Don't know if this is much of an answer but some of the squawk against the BH is that it eliminates many dogs that just wont allow themselves to be handled by anyone but the owner. Not a bad thing! 
In this light, I can't really say what the individual judge will think if the dog has to be held by the muzzle.
As for a social butterfly, I think it's all about the judge and how he tolerates/allows it. 
This is part of what I'm working on now with my younger GSD. He's an in your face ****ing Golden Retriever when first meeting people. He gets marked and rewarded for paying attention to me in front of the "judge".


----------



## Jeff Oehlsen (Apr 7, 2006)

Quote: my current dog will be all about shoving his face into the judge b/c he's such a social butterfly. for him, it'd actually be a plus if he was tat'd on his belly/inside thigh, cause when he meets someone he falls over for a belly rub. 

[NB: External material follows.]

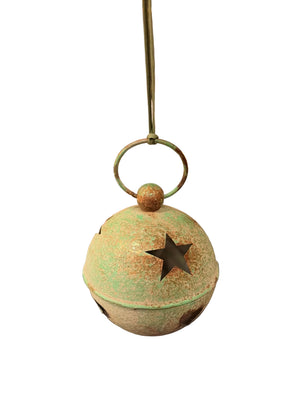 Palla grande in metallo verde antocatoda appendere jingle bell diam cm 13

To me, ESPECIALLY when the belly rub is evident, this is a confident dog. There is a definate body language difference between submission, and rub my belly cause it feel so nice.


----------



## Alyssa Myracle (Aug 4, 2008)

I'm lucky, I guess. My bitch is slutty. She'll roll over and spread her legs for anyone willing to rub her belly... and stretch, and moan... nasty slutty dog.


----------



## ann schnerre (Aug 24, 2006)

Jeff Oehlsen said:


> Quote: my current dog will be all about shoving his face into the judge b/c he's such a social butterfly. for him, it'd actually be a plus if he was tat'd on his belly/inside thigh, cause when he meets someone he falls over for a belly rub.
> 
> To me, ESPECIALLY when the belly rub is evident, this is a confident dog. There is a definate body language difference between submission, and rub my belly cause it feel so nice.


now you made me think again jeff. about his BL when he falls over--no tail tuck, scared BL, he just...falls over (it's really kinda funny ). he's not a scaredy-cat dog at any rate; if anything i'm a bit concerned that he's too defensive--at 5 mo he started reacting to not-normal sounds outside. while Brix was a LOT quieter, but no less confident. just a difference between dogs i guess.

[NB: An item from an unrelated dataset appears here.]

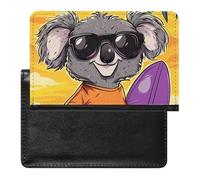 Happy Koala Hawaii Surfing Trendy Passport Holder Credit Card Cover Travel Essentials Wallet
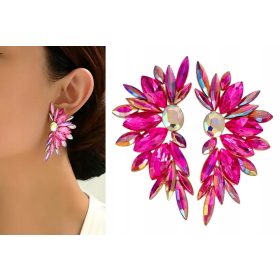 KRISTALNI UHANI S KRILI ROZA FUCHSIA 6 CM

back OT, i'm just thinking of holding his muzzle in order to control his head, so the judge can inspect the tattoo. not so much to prevent him fr biting.


----------



## susan tuck (Mar 28, 2006)

Hopefully the BH will be out in 2010 and basically incorporated back into the schH1.


----------



## Julie Ann Alvarez (Aug 4, 2007)

ann freier said:


> back OT, i'm just thinking of holding his muzzle in order to control his head, so the judge can inspect the tattoo. not so much to prevent him fr biting.


Ann I have done that before, I grab the muzzle and press it against my leg with one hand and open the ear with the other. My dog doesn't like people messing with his ears or teeth. The judge can not touch him.


----------



## susan tuck (Mar 28, 2006)

Julie Ann Alvarez said:


> Ann I have done that before, I grab the muzzle and press it against my leg with one hand and open the ear with the other. My dog doesn't like people messing with his ears or teeth. The judge can not touch him.


That's how I have always shown the ear tattoo but not necessarily because the dogs wouldl bite, but to steady the head and as a courtesy to the judge.


----------



## Edward Egan (Mar 4, 2009)

Per the rules, the judge is not to touch the dog.

FYI: I've seen a club trial were they were having a problem trying to read the chip. Then many do gooders came over to "help" and freaked the dog out, judge dismissed the dog because of temperment. Be careful of this.


----------



## ann schnerre (Aug 24, 2006)

ah-ha--you guys figured out what i was asking!! thanks for the replies; "per the rules, the judge is not to touch the dog". so we'll be fine. thanks again.


----------